莫斯科城以河为中心,高低起伏。在大草原深处修建起一座城市的人们,当初,想必是受到了这土地的起伏和河水的诱惑吧。一种微微的起伏,给这块平原上的人们,提供了一份极富人情味的、唯一能使人感到心灵愉悦的变化。

白浊的河水对面,飞扬着尘土的淡褐色山丘之上,望得见涂成金色的克里姆林宫圆顶。这儿的市民似乎不喜欢树木,瘦削的街树只是徒有其名。对在原野上拥有大片森林的居民说来,将精力用在街树的繁茂上,也许是愚不可及之举。的确,在所有四周环有森林的城市中,至少,莫斯科是最不想植树的。难怪,俄罗斯美丽大自然中,最脏的地方也莫过于莫斯科了,这与日本的东京如同一辙。

城里土木工事之多,也足以与东京相匹敌。这是目前最热衷于造新房子的国家。妨碍工事进行者,一边削去。

传统上缺乏理性思维,这一点莫斯科又与东京相似。而只要传统上逻辑思维匮乏,不管你意欲从什么地方去吸收什么,都将难遂其功。意欲本国文化与欧洲具有平等的地位,或对这种平等要求持警惕态度,也都将难遂其功。看来,不突破这一层,便谈不上什么新兴的主义。

克里姆林宫的建筑看上去就像一幅暗红色刺绣,给人以奇异之感。外围的红场则是美国式建筑。上莫斯科的繁华市区,便会意识到这里是无产者的国家。走了不少国家,无形中把一个个国家的制度给淡忘了。用不带一点成见的眼光四处观察,并将由此获得的感觉本真地写下来,这是可望不可及的事,就如同莫斯科闹市里找不到咖啡馆一样。咖啡馆在这儿是多余的。众多行走在大街上的人并不悠闲。所谓大街,仅是人来人往而已。不妨将这看做是雄壮快活的表现,但如果将之看做游手好闲,那么,人类欲望何以如此强盛,人类何以不会灭亡,于我便不难理解了。
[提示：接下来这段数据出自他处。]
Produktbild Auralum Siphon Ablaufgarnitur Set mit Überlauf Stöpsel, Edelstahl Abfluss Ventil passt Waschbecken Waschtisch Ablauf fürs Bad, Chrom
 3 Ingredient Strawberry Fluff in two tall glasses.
在这里,我得以初次见识了没有商店的街市。比起把商店当做街市最主要的装饰的欧洲街市来,莫斯科的单纯朴素,也无需现在才开始对之感到惊异。要见识这儿人们欢快的一面,就该去郊外的森林。

列宁墓前,伫立着枪刺高挑的卫兵。方形的陵墓,由拭磨过似的光洁红色大理石筑成。今天不开放,不让进。上苏联自称世界第一的那家宾馆,尚未完全竣工,看上去不知为什么,总觉得像是市政厅。

在巴黎看过不少介绍苏联的照片,好像都只是在宣传这个国家的军备如何如何充实。由于军备上竞争不过这个国家,以致各国间不可思议地掀起了一股军备热浪,这实在是出乎人们意想之外的事。要是这种现实上的混乱也在这里出现的话,那么,思想自然也会被弄成一团糟。

把希望寄托于对理性精神的维系,这种脆弱的信念,实际上是行不通的。这一无从实行的高贵信念,目前正在转变为一种不将某物恶骂一番就决不甘休的轻薄态度,并且,这种轻薄之见的持有者,在考虑事物时,又比谁都更倾心于这样一种看法:人们想清醒地生存在这个世界上,那早已不可能了。